Most people in the New World appear to be in a constant state of ignorance and happiness at the same time. However, this essay argues that the version of happiness in the new world is not authentic and durable happiness because it is missing a key element that defines not only happiness but also humanity. This missing element is suffering. Authentic and durable happiness is about suffering and not about ignorance. Suffering eliminates emptiness and meaninglessness, fosters strength in character, and brings perspective into people’s lives.

Despite the seemingly advanced and civilized society created, the New World still appears creepy because its version of “happiness” sucks meaning out of everything and leaves people in an eternal sense of emptiness. Even if people in the New World don’t know what it is, they still feel that their life is missing something” “He was as miserably isolated now as he had been when the service began-more isolated by reason of his un-replenished emptiness, his dead satiety” (Huxley 57).

The most fearsome weapon in the New World is not embryo conditioning, the highly developed system. Instead, it is soma. Whenever one feels something wrong and starts thinking about troubles and developing negative emotions, the soma is there to take care of the problems. It is the key to social stability and also the key to maintaining the emptiness in the seemingly collective happiness.

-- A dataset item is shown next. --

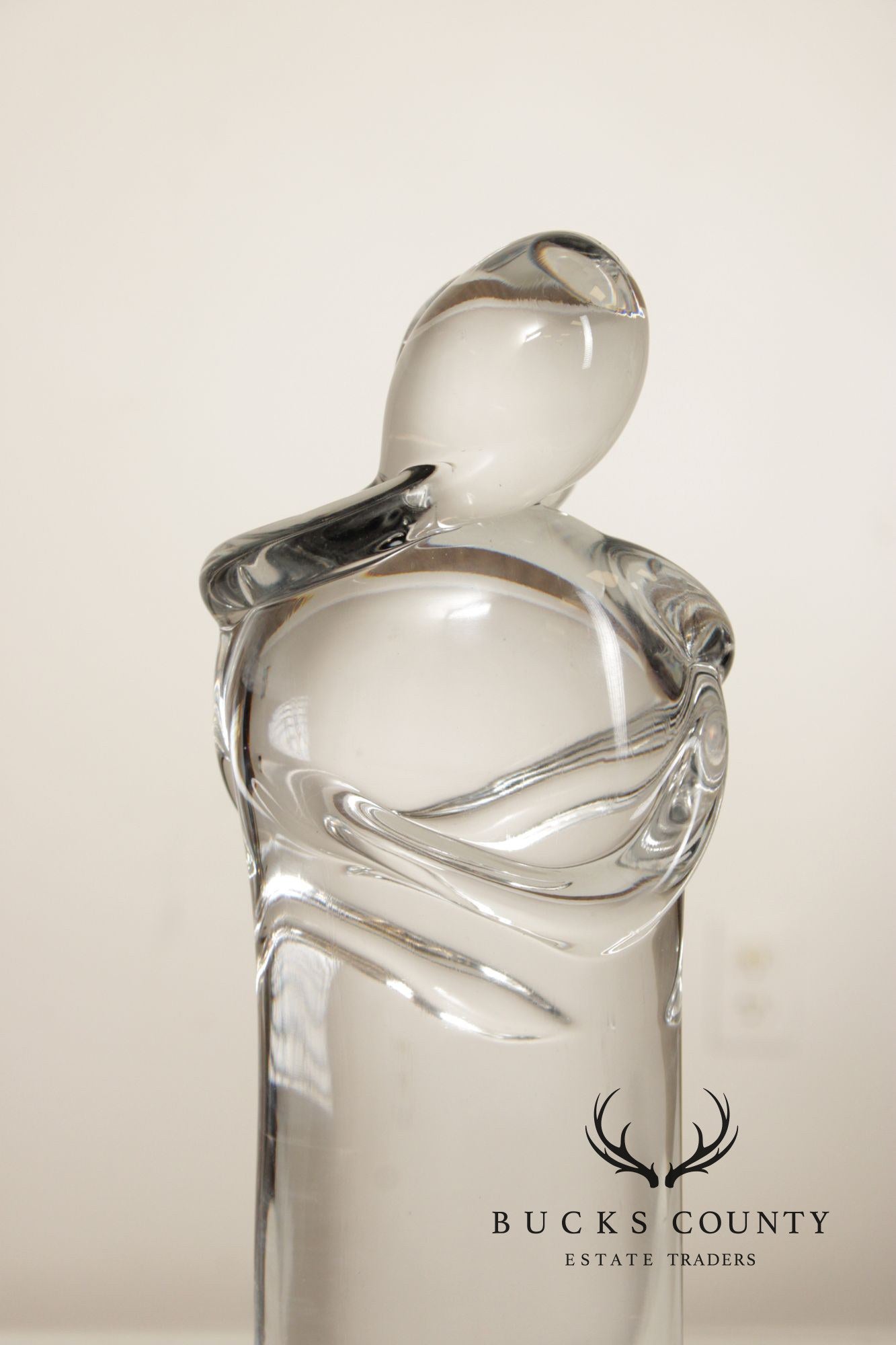 Oggetti Murano Glass Statue of Embracing Couple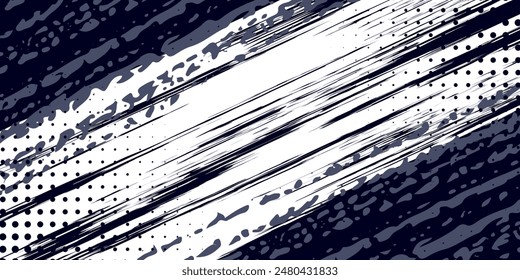 Plantilla de diseño de Anuncio de semitonos de color naranja de líneas de velocidad Abstractas. Ilustración vectorial.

A society that allows no other sensations but happiness will soon be disgusted by the people, but soma solves this problem and immerses people in endless satisfaction. All instability factors are eliminated. Family, love, solitude, reflection, fear of death, all the sources of energy for the human spiritual world are removed. Only in this way can society be permanently stable.

However, such human beings are already non-human, and they are produced on the mass production line. Without a spiritual world, a person without humanity is a walking dead with empty material and physical desires.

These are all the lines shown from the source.